REQUIREMENT
One part of the entries below is wanted: the lines from the one containing "Gebraucht Ford Mustang" through the one containing "Freightliner CASCADIA 126 Tegljači". Write those out exactly and nothing else.

RAW DATA
= Beginning of Section =

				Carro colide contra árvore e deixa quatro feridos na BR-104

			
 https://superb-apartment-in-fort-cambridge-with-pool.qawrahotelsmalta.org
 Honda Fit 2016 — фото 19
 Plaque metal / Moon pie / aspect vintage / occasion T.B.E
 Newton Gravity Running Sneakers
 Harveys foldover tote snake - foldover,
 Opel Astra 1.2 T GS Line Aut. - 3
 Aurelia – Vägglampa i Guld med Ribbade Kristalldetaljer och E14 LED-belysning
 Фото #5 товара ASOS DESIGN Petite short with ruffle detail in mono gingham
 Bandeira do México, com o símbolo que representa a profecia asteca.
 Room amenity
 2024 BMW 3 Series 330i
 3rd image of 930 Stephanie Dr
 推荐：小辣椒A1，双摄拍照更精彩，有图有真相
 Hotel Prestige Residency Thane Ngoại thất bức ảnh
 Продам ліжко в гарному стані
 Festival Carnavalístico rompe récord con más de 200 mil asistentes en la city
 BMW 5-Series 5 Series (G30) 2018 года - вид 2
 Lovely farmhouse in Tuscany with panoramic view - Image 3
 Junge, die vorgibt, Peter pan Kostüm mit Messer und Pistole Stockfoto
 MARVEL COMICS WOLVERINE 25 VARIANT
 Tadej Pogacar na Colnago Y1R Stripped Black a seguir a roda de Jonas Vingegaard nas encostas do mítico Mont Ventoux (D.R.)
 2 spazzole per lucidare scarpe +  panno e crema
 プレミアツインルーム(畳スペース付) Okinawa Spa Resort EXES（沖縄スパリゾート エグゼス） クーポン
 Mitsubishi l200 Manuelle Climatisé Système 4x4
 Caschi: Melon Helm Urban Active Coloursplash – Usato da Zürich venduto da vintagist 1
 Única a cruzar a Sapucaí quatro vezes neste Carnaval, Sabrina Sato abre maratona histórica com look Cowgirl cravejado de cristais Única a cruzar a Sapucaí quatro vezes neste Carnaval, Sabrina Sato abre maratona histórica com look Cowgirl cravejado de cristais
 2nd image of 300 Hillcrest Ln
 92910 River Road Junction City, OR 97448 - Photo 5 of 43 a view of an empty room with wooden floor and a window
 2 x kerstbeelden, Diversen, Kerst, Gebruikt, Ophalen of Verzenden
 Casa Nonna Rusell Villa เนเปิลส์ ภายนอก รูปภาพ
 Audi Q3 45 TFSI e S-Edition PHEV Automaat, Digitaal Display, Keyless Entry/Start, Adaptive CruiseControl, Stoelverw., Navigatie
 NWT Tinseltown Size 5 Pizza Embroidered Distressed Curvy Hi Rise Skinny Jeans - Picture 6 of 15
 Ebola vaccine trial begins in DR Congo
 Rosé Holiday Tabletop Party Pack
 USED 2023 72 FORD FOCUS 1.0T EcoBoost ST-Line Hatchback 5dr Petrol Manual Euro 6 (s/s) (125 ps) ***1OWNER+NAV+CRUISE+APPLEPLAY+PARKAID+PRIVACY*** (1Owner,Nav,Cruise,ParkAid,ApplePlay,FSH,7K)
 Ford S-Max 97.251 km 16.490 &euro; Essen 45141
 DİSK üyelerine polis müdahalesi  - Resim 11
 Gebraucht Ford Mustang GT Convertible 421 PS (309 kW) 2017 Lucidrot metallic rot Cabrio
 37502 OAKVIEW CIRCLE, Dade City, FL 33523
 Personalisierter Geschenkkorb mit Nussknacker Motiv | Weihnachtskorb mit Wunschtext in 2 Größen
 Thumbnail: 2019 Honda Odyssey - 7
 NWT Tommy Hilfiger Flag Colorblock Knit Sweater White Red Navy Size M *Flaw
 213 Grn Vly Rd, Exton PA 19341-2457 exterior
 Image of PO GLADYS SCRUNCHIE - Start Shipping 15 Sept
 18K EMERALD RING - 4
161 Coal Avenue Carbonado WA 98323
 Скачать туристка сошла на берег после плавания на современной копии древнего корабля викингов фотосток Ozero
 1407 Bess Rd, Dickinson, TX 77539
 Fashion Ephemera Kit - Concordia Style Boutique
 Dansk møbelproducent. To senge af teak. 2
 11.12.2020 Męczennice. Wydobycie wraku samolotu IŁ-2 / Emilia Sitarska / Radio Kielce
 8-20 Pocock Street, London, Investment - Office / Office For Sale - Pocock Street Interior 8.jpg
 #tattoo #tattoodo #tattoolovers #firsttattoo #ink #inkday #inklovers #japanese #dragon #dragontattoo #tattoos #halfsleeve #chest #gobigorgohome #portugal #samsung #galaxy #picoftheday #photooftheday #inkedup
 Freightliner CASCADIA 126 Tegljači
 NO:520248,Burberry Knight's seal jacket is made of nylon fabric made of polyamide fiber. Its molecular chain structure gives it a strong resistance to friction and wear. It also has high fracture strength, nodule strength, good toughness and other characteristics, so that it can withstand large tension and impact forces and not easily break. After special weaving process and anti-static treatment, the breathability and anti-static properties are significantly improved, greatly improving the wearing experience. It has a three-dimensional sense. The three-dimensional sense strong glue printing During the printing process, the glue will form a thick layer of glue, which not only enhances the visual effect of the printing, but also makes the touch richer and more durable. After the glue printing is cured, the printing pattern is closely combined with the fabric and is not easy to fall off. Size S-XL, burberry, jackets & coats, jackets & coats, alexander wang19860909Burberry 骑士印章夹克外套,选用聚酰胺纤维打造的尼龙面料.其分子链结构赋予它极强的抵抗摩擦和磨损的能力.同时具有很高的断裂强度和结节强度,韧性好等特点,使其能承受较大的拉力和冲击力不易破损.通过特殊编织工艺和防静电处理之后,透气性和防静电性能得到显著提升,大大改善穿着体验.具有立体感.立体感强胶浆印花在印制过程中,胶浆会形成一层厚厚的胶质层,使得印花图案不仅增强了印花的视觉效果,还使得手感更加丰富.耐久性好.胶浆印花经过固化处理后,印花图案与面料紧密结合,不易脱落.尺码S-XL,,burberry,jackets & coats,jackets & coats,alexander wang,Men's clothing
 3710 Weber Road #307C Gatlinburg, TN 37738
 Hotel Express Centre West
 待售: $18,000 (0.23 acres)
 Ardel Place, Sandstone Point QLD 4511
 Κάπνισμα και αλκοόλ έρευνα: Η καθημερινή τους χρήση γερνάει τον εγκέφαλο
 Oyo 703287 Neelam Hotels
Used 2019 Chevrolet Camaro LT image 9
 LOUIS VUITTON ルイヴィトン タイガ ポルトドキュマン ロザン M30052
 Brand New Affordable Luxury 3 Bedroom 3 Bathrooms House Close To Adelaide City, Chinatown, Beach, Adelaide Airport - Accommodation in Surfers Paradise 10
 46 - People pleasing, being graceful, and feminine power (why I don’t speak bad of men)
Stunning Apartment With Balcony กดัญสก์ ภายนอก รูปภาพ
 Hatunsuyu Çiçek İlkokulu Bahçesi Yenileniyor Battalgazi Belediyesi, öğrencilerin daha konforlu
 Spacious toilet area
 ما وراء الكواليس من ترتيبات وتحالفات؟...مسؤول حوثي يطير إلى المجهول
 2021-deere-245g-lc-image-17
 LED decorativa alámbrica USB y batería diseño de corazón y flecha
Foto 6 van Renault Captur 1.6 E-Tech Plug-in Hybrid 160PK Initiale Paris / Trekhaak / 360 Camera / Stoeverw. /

= End of Section =

EXERCISE RESULT
 Gebraucht Ford Mustang GT Convertible 421 PS (309 kW) 2017 Lucidrot metallic rot Cabrio
 37502 OAKVIEW CIRCLE, Dade City, FL 33523
 Personalisierter Geschenkkorb mit Nussknacker Motiv | Weihnachtskorb mit Wunschtext in 2 Größen
 Thumbnail: 2019 Honda Odyssey - 7
 NWT Tommy Hilfiger Flag Colorblock Knit Sweater White Red Navy Size M *Flaw
 213 Grn Vly Rd, Exton PA 19341-2457 exterior
 Image of PO GLADYS SCRUNCHIE - Start Shipping 15 Sept
 18K EMERALD RING - 4
161 Coal Avenue Carbonado WA 98323
 Скачать туристка сошла на берег после плавания на современной копии древнего корабля викингов фотосток Ozero
 1407 Bess Rd, Dickinson, TX 77539
 Fashion Ephemera Kit - Concordia Style Boutique
 Dansk møbelproducent. To senge af teak. 2
 11.12.2020 Męczennice. Wydobycie wraku samolotu IŁ-2 / Emilia Sitarska / Radio Kielce
 8-20 Pocock Street, London, Investment - Office / Office For Sale - Pocock Street Interior 8.jpg
 #tattoo #tattoodo #tattoolovers #firsttattoo #ink #inkday #inklovers #japanese #dragon #dragontattoo #tattoos #halfsleeve #chest #gobigorgohome #portugal #samsung #galaxy #picoftheday #photooftheday #inkedup
 Freightliner CASCADIA 126 Tegljači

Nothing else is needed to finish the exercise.